§ Work instructions:
Quote the records below word for word, please, from the very first line through the one that contains "TW200レストアベース車", and nothing beyond it.

(Source records)
········

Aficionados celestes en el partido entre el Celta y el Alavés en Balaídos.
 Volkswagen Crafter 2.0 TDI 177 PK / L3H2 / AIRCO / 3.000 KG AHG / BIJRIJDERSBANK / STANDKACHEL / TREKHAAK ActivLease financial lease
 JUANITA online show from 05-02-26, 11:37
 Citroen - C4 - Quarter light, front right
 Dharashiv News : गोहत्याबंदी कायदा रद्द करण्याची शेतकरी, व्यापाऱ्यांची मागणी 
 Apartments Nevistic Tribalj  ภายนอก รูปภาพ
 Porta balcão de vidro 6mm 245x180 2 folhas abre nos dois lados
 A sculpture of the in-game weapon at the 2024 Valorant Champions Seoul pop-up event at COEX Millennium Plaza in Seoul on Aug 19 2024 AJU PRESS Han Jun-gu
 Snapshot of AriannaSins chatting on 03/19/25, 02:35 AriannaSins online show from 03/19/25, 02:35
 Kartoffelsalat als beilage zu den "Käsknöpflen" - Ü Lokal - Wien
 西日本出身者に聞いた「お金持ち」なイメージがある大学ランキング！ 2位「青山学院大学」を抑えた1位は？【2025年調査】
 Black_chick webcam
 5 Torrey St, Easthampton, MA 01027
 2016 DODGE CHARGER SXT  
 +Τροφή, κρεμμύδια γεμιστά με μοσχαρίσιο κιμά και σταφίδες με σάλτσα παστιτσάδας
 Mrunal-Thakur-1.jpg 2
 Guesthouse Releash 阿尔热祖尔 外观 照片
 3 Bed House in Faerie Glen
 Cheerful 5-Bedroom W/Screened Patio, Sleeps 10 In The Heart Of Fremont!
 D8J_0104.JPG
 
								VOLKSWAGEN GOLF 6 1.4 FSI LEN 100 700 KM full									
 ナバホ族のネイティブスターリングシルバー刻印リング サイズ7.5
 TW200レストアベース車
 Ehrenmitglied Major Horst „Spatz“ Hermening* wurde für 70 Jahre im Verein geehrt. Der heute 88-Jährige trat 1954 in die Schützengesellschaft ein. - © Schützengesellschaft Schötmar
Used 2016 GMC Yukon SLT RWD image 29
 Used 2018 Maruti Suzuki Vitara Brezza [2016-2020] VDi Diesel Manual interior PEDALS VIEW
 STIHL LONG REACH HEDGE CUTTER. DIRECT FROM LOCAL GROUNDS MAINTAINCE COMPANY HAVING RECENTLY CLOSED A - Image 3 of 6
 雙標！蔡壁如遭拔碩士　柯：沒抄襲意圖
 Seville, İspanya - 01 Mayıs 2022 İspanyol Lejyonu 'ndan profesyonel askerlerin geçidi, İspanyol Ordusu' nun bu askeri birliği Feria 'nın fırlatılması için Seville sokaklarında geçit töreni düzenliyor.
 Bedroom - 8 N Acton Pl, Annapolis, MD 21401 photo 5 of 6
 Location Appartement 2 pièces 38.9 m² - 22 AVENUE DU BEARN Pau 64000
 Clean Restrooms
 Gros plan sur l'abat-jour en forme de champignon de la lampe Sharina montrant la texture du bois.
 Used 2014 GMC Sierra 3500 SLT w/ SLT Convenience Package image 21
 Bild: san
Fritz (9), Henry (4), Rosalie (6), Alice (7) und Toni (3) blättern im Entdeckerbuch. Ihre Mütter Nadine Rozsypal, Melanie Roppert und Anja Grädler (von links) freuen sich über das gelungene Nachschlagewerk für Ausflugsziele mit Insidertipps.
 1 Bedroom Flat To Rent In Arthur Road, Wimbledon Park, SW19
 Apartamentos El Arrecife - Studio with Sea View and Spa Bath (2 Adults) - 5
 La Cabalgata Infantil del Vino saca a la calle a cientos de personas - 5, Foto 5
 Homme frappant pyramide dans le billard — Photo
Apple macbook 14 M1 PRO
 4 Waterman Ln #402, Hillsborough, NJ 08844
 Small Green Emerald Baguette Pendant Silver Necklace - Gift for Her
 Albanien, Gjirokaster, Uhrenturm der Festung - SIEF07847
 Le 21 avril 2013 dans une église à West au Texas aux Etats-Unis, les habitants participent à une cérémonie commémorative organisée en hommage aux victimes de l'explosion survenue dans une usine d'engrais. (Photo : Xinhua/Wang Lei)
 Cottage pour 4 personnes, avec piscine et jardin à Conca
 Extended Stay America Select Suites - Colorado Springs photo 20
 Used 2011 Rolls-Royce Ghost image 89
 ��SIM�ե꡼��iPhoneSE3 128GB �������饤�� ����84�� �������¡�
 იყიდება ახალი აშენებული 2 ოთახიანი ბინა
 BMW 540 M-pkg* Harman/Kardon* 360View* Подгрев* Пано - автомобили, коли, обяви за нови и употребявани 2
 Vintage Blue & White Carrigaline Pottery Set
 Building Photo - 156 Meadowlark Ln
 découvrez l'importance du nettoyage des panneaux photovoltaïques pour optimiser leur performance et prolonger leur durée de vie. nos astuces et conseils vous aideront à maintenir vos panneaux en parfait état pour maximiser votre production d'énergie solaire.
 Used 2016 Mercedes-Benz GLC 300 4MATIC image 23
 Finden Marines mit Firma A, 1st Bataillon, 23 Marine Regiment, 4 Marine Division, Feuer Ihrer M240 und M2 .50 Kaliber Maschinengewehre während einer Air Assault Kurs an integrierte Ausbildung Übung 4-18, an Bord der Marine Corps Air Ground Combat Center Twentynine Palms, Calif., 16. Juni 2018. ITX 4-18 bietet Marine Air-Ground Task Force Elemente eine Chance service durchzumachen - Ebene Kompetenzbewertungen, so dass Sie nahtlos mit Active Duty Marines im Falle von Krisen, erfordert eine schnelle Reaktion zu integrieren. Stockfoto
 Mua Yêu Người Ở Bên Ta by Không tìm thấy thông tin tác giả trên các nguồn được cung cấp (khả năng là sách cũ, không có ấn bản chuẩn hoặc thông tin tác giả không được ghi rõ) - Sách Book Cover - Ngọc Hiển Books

········

§ Solution to this task:
Aficionados celestes en el partido entre el Celta y el Alavés en Balaídos.
 Volkswagen Crafter 2.0 TDI 177 PK / L3H2 / AIRCO / 3.000 KG AHG / BIJRIJDERSBANK / STANDKACHEL / TREKHAAK ActivLease financial lease
 JUANITA online show from 05-02-26, 11:37
 Citroen - C4 - Quarter light, front right
 Dharashiv News : गोहत्याबंदी कायदा रद्द करण्याची शेतकरी, व्यापाऱ्यांची मागणी 
 Apartments Nevistic Tribalj  ภายนอก รูปภาพ
 Porta balcão de vidro 6mm 245x180 2 folhas abre nos dois lados
 A sculpture of the in-game weapon at the 2024 Valorant Champions Seoul pop-up event at COEX Millennium Plaza in Seoul on Aug 19 2024 AJU PRESS Han Jun-gu
 Snapshot of AriannaSins chatting on 03/19/25, 02:35 AriannaSins online show from 03/19/25, 02:35
 Kartoffelsalat als beilage zu den "Käsknöpflen" - Ü Lokal - Wien
 西日本出身者に聞いた「お金持ち」なイメージがある大学ランキング！ 2位「青山学院大学」を抑えた1位は？【2025年調査】
 Black_chick webcam
 5 Torrey St, Easthampton, MA 01027
 2016 DODGE CHARGER SXT  
 +Τροφή, κρεμμύδια γεμιστά με μοσχαρίσιο κιμά και σταφίδες με σάλτσα παστιτσάδας
 Mrunal-Thakur-1.jpg 2
 Guesthouse Releash 阿尔热祖尔 外观 照片
 3 Bed House in Faerie Glen
 Cheerful 5-Bedroom W/Screened Patio, Sleeps 10 In The Heart Of Fremont!
 D8J_0104.JPG
 
								VOLKSWAGEN GOLF 6 1.4 FSI LEN 100 700 KM full									
 ナバホ族のネイティブスターリングシルバー刻印リング サイズ7.5
 TW200レストアベース車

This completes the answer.